The crowd was heaving, the sprung floor was bouncing

I hadn’t been to the Tower Ballroom before and it really is stunning: the vast height of the ceiling reminds you of a cathedral and the whole place is overrun with lavish flowing gold ornament and these incredible ceiling paintings – ladies with Chinese partasols flying through the air, people in carnival masks and holding lutes floating serenely among the clouds – it reminded me of the opium dreams of my favourite writer, good old Thomas De Quincey.

A wonderful setting. With the music powering away – long, inventive, exciting songs with plenty of improvisation and plenty of that sexy rumba feeling to them – it was a marvellous evening and I was sad to leave.

Check out Mojito on Facebook for news of their Christmas party, and don’t forget they’re also playing at Hollingworth Lake on 27 December just to blast away any post-Christmas sleepiness and head us for the New Year in dynamic style! ¡Feliz Navidad, amigos!

Hot Salsa & Cool Air @ Republic

Republic of Salsa delivered another great Cuban salsa party last night at Chorlton Irish Club. And anyone scared off by memories of the slippery, sweaty hell we all went through last time needn’t have worried: this time the air conditioning was perfect. Cool, in every sense.

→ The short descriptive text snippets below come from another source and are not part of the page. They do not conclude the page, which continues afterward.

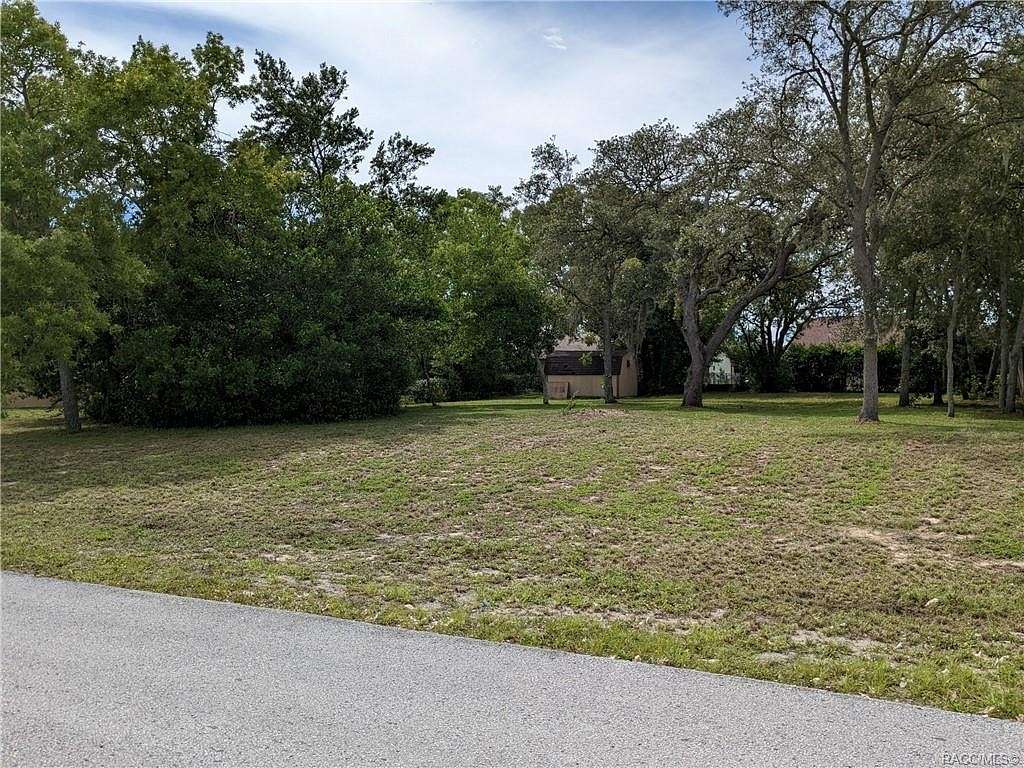 0.25 Acres of Residential Land for Sale in Spring Hill, Florida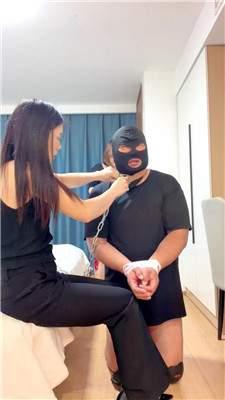 【梦梦女王】双S-暴揍跑骚M【双视角版】  JS260921-26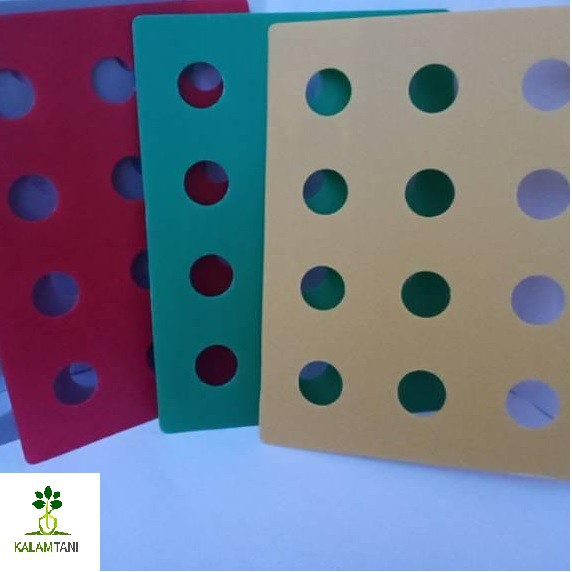 Tutup baki hidroponik 12 lubang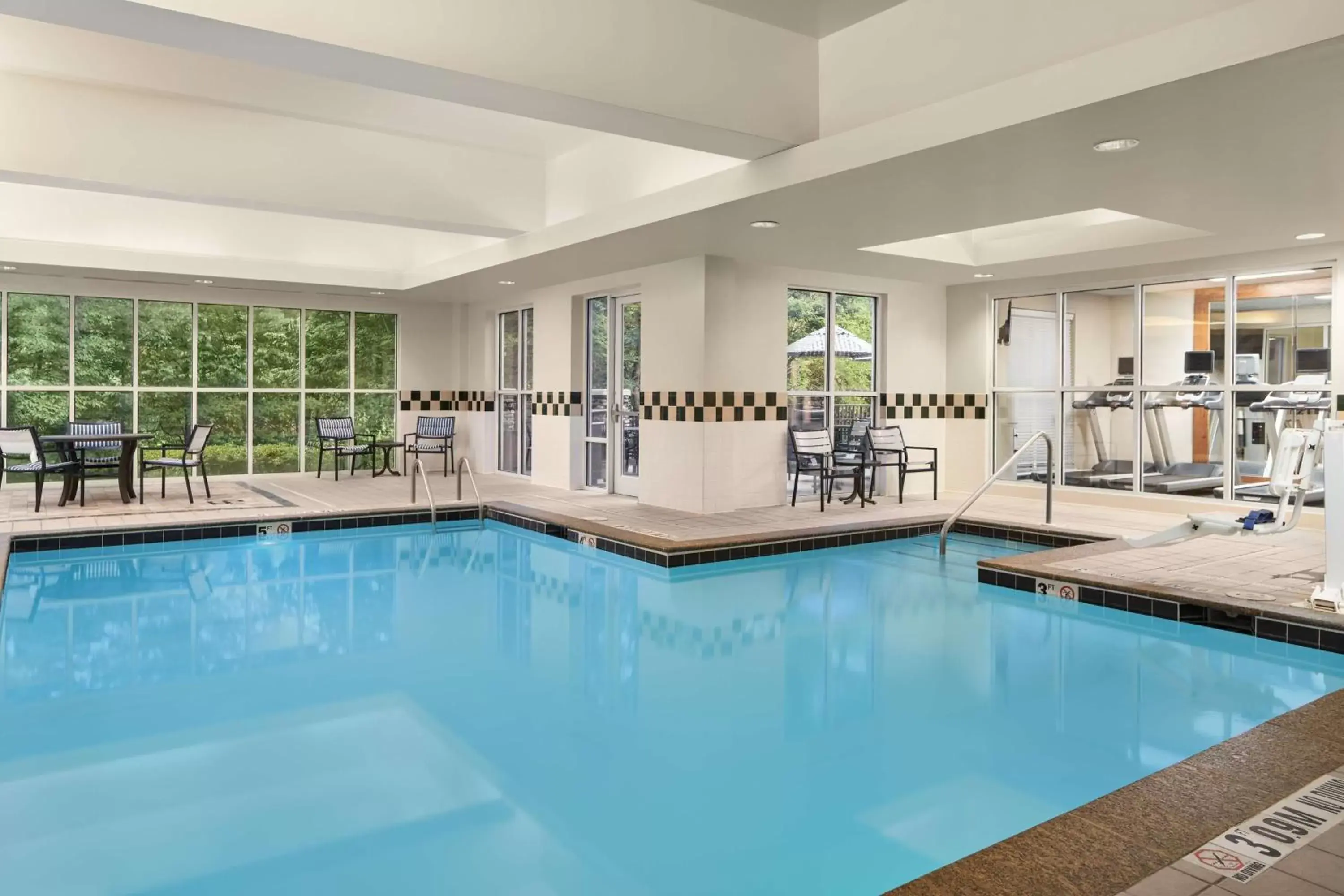 Pool view, Swimming Pool in Hilton Garden Inn Columbus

Dark Magician: somewhere in his magic cave, Les mixes the music...

Les and Andy kept the floor hot with a great fuelling of salsa tracks, the new lights (think laser-red with interlacing patterns of intense green) were fabulous, and both movie-screens were flickering away to create atmosphere – Oliver Stone’s Castro documentary on one wall and Buena Vista Social Club on the other. Plus an interesting (?Cuban?) pop video I couldn’t identify. Where did you get that one, guys? The only factor missing was Lorraine, still on her camping holiday in Wales. Mil besitos, Lorraine, and hope you’ve got some sunshine! We missed you.

Les gets the whole room dancing Bachata

Les gets everyone dancing bachata

Les kicked off the evening with a great Bachata class, teaching a simple, classic routine that anyone could master but also felt like dancing real bachata. A huge confidence-boost for bachata-dabblers like me.

Radiant: Solar Salsa's Mike and Pauline
Radiant: Solar Salsa’s Mike and Pauline

As always, the crowd was wonderfully mixed. Teachers I spotted on the dancefloor included Pauline and Mike from Solar Salsa, Andre from Baby Salsa, and Mo from Cuba Cafe. There were crowds of friends from Opus, Spreadeagle, Cuba Cafe, La Tasca, and Copas – plus a lot of people I hadn’t seen for months and was really glad to have a dance with again. There were two or three great rueda sessions, and given the decibel level, the Solar Salsa teachers’ skill with hand signals really came into its own. I’m probably going deaf (too many years of loud music) but as long as Pauline’s that good at semaphore it won’t matter too much!

Before finishing I have to apologise to La Casa de la Salsa: I had wanted to go to the Ball on Friday but couldn’t make it for reasons beyond my control. I’m sure it was fabulous. Next time I’ll get there.

Oh, and a final PS: Anyone wants to take pics off this blog, from this post or any other, go ahead and copy them (click your right mouse button to ‘copy’ then ditto to ‘paste’). it’s fine to use on FB if you want. Just please give a credit to www.grevel.co.uk – thanks!

¡Que Viva Salsa Republic!

Les mixes the sounds with a little help from Che

Mancuban’s Republic of Salsa provided another amazing night out in Chorlton on Saturday. As this alternate-monthly club night gets better known, more and more people from the friendly Manchester salsa scene are arriving and it’s becoming a huge gathering of friends that gives a warm welcome to newcomers and old amigos/amigas alike.

Typical last night was the fact that there were Cuban-style salsa teachers from all over the country, and along with them a number of people who’d never danced salsa before. That’s how good, and how eclectic, it is.

Stars together: Mohito's Damian, Mancuban's Lorraine

There was the usual fine DJing from Les, Lorraine and Andy (no congas this time, but a notably Afro tinge to the music as the night got later) and Lorraine kicked off the evening with a great warm-up session followed by an enormous rueda that stayed interesting but was straightforward enough for even the beginners to handle it.

Noel takes a break from giving Inverness some Cuban heat

Teachers I spotted included Noel (from Cuba, but currently teaching in Bury and Ramsbottom – check out www.almacubana.co.uk ), Paris, Pauline, Mike and Jordan from SolarSalsa, as well as Damian (courtesy of Northwich Salsa and bands Mohito and Cafe Con Leche).

Good to see that the movies projected on the back wall have returned (in fact there were two, one behind the DJ deck and another oppsite the bar) though the current projection method isn’t quite doing them justice: to be worthwhile they need to be bigger, and flat (not coming up at an angle so the end product is trapezoid in shape). A few details to be ironed out there, maybe.

But yet again music and atmosphere were second to none. If you’re committed to Cuban, want a workout to the best music going with the friendliest people around, or simply looking for a great night out, this is the one to catch. Next opportunity will be 5 June.